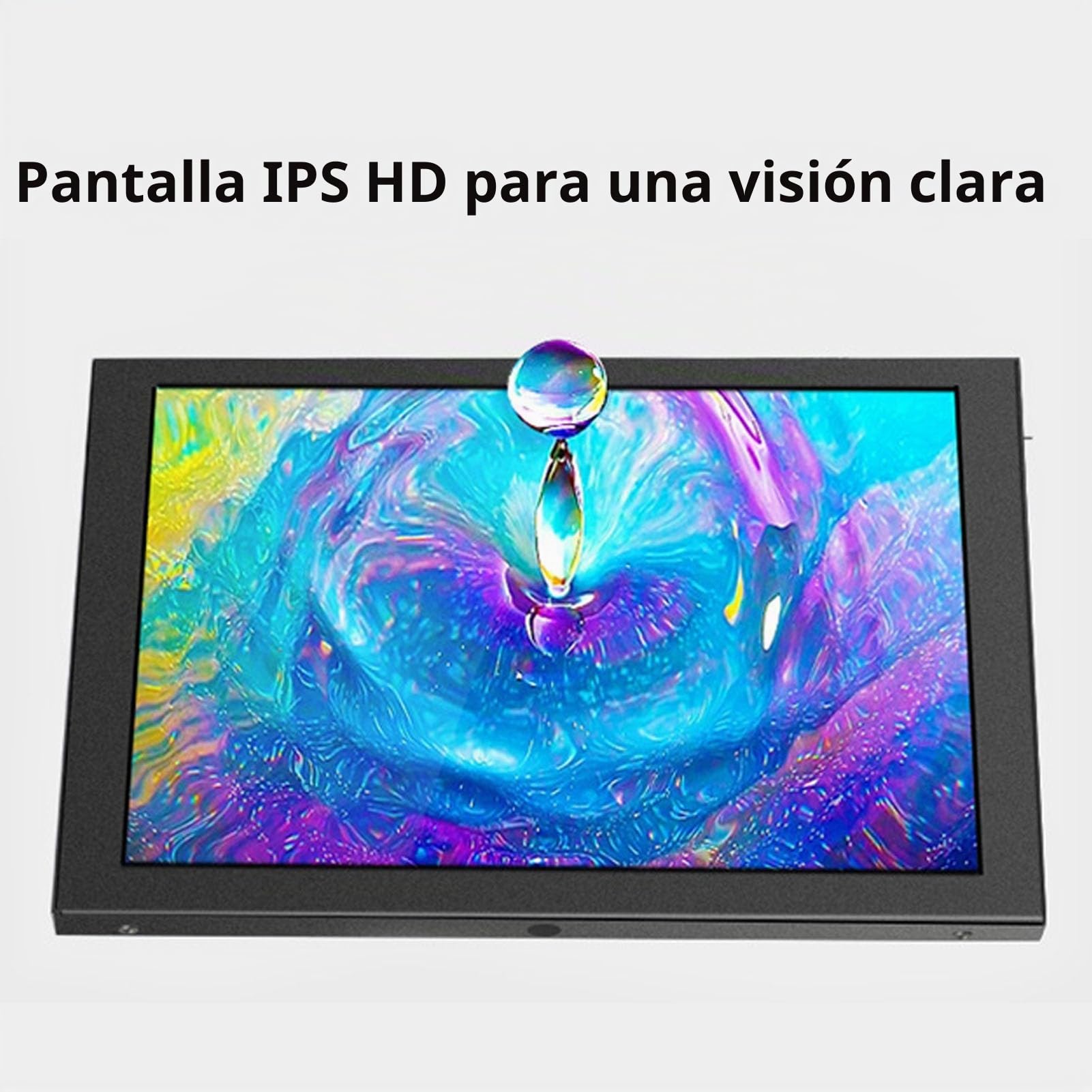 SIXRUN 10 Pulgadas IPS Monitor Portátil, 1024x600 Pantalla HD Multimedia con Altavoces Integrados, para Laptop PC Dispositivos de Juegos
######
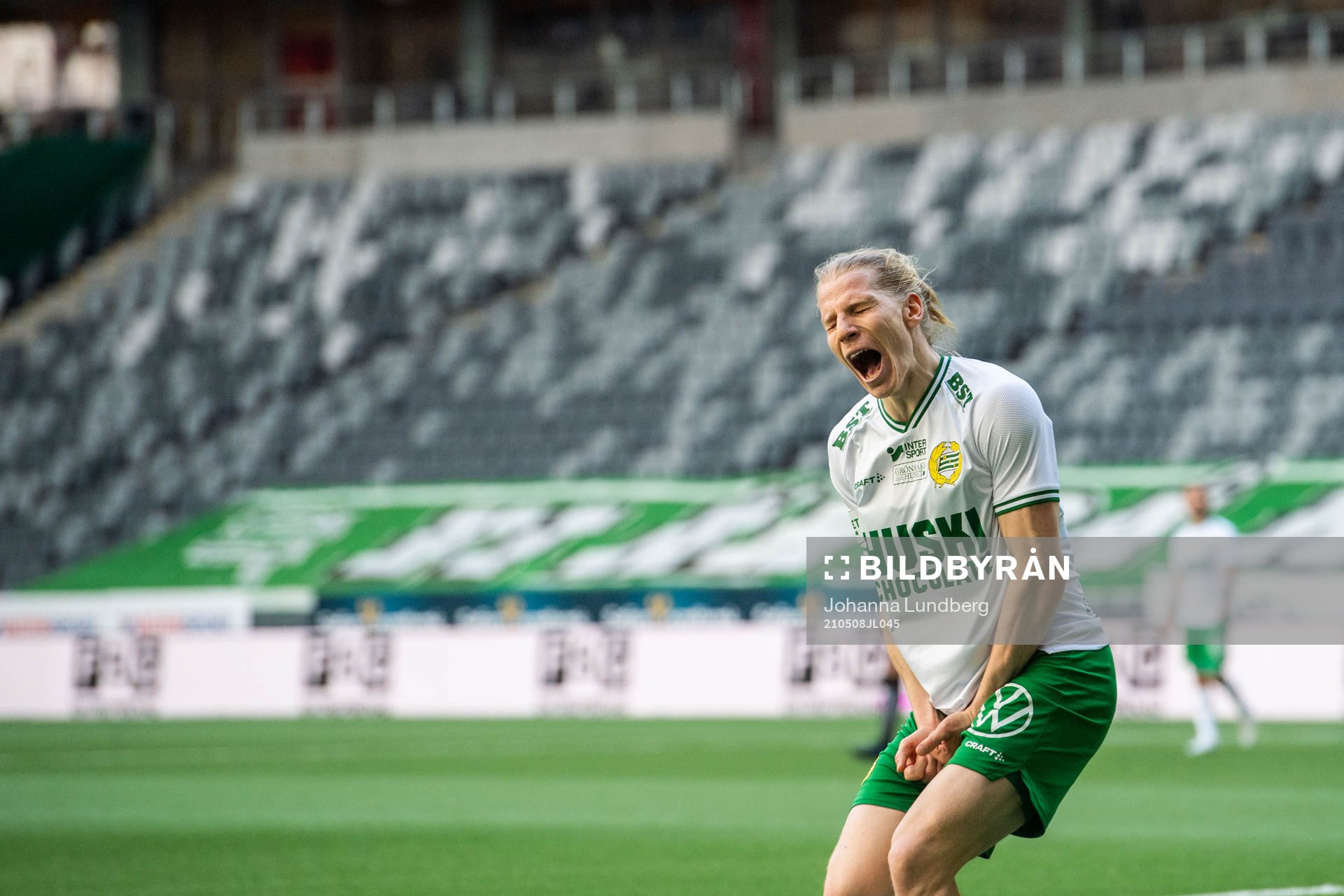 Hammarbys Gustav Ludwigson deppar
######
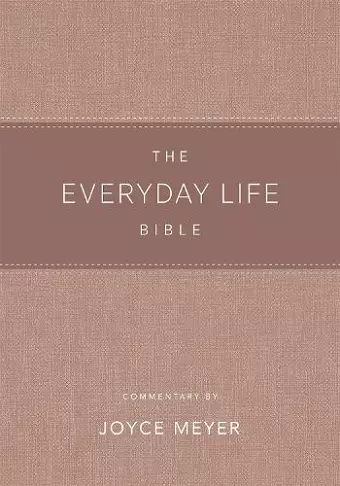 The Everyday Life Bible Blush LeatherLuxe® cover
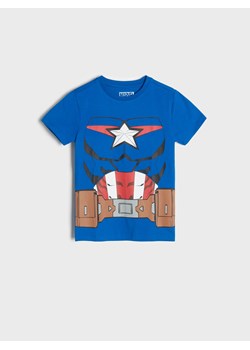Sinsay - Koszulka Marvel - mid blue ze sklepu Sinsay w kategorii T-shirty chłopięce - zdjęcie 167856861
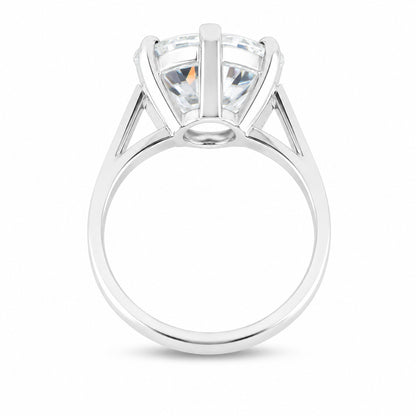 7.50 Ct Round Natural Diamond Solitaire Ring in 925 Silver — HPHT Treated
######
- DESCRIPTION OF THE TASK:
For the entries above, print exactly the lines between the one with "The Everyday Life" and the one with "7.50 Ct Round", inclusive, with no pictures.

- TASK ANSWER:
 The Everyday Life Bible Blush LeatherLuxe® cover
Sinsay - Koszulka Marvel - mid blue ze sklepu Sinsay w kategorii T-shirty chłopięce - zdjęcie 167856861
 7.50 Ct Round Natural Diamond Solitaire Ring in 925 Silver — HPHT Treated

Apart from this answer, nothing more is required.